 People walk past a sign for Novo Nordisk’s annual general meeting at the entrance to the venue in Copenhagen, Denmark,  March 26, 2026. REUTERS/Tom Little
* * *
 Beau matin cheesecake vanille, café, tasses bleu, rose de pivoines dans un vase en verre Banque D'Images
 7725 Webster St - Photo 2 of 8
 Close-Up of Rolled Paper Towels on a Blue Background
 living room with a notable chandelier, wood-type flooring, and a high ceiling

Work required
Reproduce exactly the stretch of the material above that starts at the line with "7725 Webster St - Photo 2 of 8" and ends at the line with "living room with", both included, and nothing else.

Answer to the problem
 7725 Webster St - Photo 2 of 8
 Close-Up of Rolled Paper Towels on a Blue Background
 living room with a notable chandelier, wood-type flooring, and a high ceiling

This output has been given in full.